Quel sens vous donnez-vous au titre de votre album « Terrien », en cette période si particulière que nous vivons ?

Julien Clerc : Je crois que tout est dit dans cette chanson. C’est le fait d’être un habitant de cette Terre, qui est à la fois pas grand-chose et en même temps c’est notre maison à tous et donc il faut y faire attention. Comme il est dit dans le texte, « Tu ne seras pas venu pour rien, si tu deviens tout pour quelqu’un ». Cela parle d’amour bien sûr, mais j’ai choisi cette chanson-là parce qu’elle résume bien toutes les thématiques qui ont été abordés par les auteurs dans cet album.

C’est aussi un disque sinon « engagé » du moins plus « concerné » que les autres, où vous abordez des thèmes sociétaux comme l’abus et les violences faites aux femmes, la dépression, le Brexit, l’avenir de la planète, où vous rendez également hommage aux enseignants… Des chansons qui reflètent notre époque plutôt sombre…
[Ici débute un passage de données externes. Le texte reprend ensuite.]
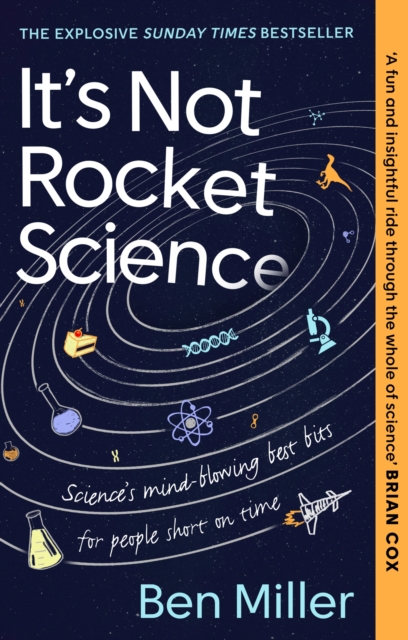 It's Not Rocket Science, EPUB eBook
Julien Clerc : Oui. Moi, qui ne demande jamais rien aux auteurs, j’attends toujours avec une certaine gourmandise les textes qu’ils m’envoient et ce qu’ils ont décidé de me faire chanter. Je ne leur tiens jamais la plume et je suis obligé de constater cette fois-ci que tous, des plus anciens aux plus jeunes, ont décidé des thèmes plutôt sociétaux. C’est évidemment en rapport avec ce qu’on peut ressentir dans nos sociétés dites évoluées hélas, ces temps-ci. Si c’est ça qui les a inspiré, c’est qu’il y a une raison quand on sait que les auteurs de chansons sont quand même sensés être en prise directe avec le monde et ressentir l’air du temps. On n’est pas là pour écrire des discours, ni faire des conférences, mais pour faire des chansons  populaires. C’est tout le mérite d’un auteur d’être capable d’évoquer des sujets parfois lourds et d’en faire des chansons, un truc qui se fredonne en faisant réfléchir.
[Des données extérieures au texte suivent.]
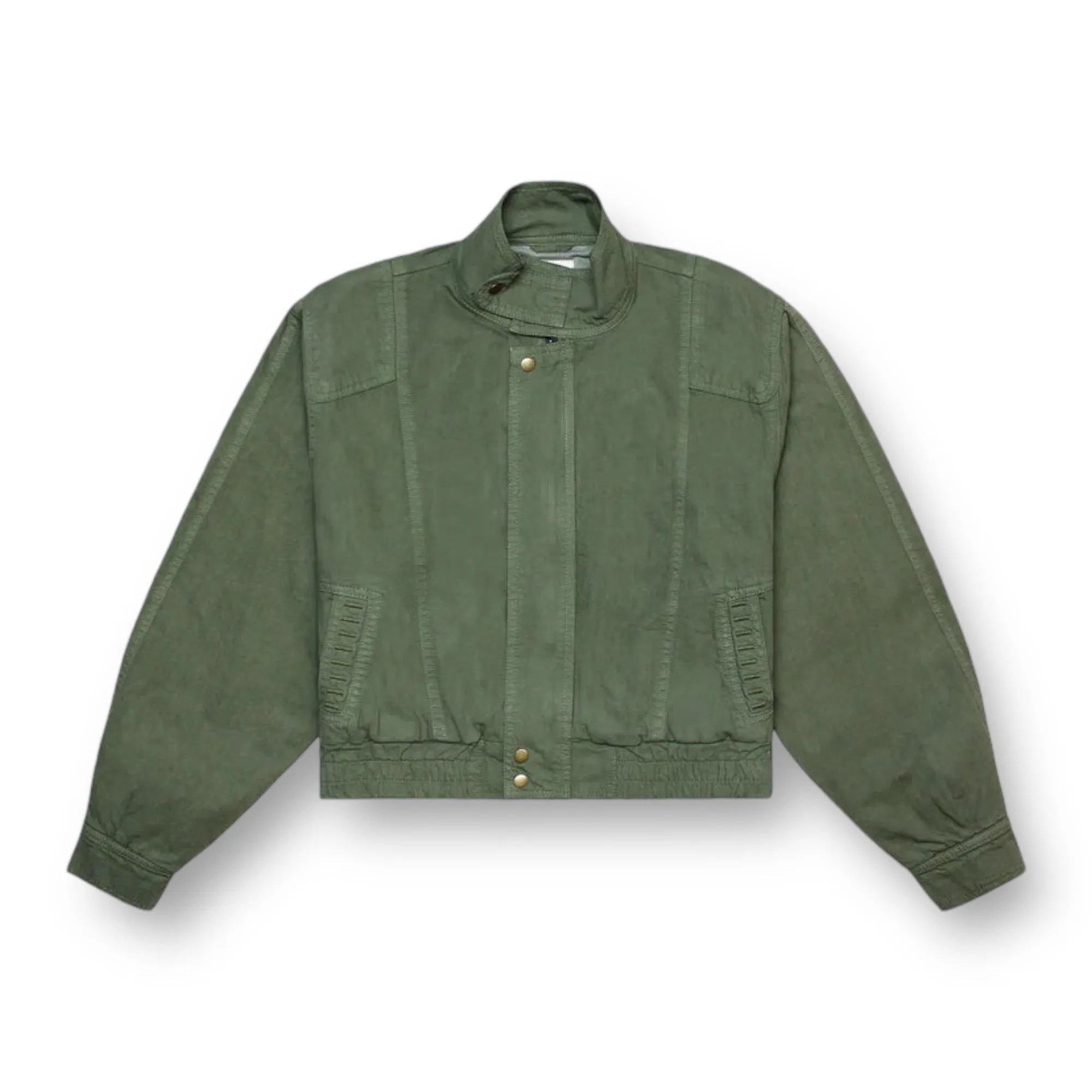 Seventy   Mochi Juno Jacket Khaki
Vous êtes de retour en France après un séjour de 5 ans à Londres, avec votre famille. Pourquoi le choix de l’Angleterre?

Julien Clerc : L’Angleterre est un pays si proche, et pourtant exotique, qu’on le veuille ou non. D’abord, c’est une société anglo-saxonne. C’est la première grande différence avec nous qui sommes aux confins des différents pays européens, avec une culture latine qui est très importante. L’ Angleterre est un pays de culture extrêmement fort, insulaire, mais avec un rapport constant depuis le bas Moyen-âge avec la France. L’histoire franco-anglaise est très imbriquée. Pendant deux siècles, il y a eu des régions entières de la France qui ont été anglaises, il ne faut pas l’oublier. Et quand on lit l’écrivain gallois Ken Follet, on voit dans ses romans à quel point la France est présente dans cette histoire anglaise. Je cite  toujours l’exemple de la cathédrale Saint-Paul à Londres. Quand on visite ce lieu magnifique, on s’aperçoit qu’il y a énormément de tombeaux de personnages qui sont morts dans des combats face à la France. A commencer par Nelson, le plus connu d’entre eux, mais il y en a plein d’autres. On est dans une culture non seulement historiquement très riche, mais également musicalement importante, qui depuis le début de la musique pop montre le chemin au monde.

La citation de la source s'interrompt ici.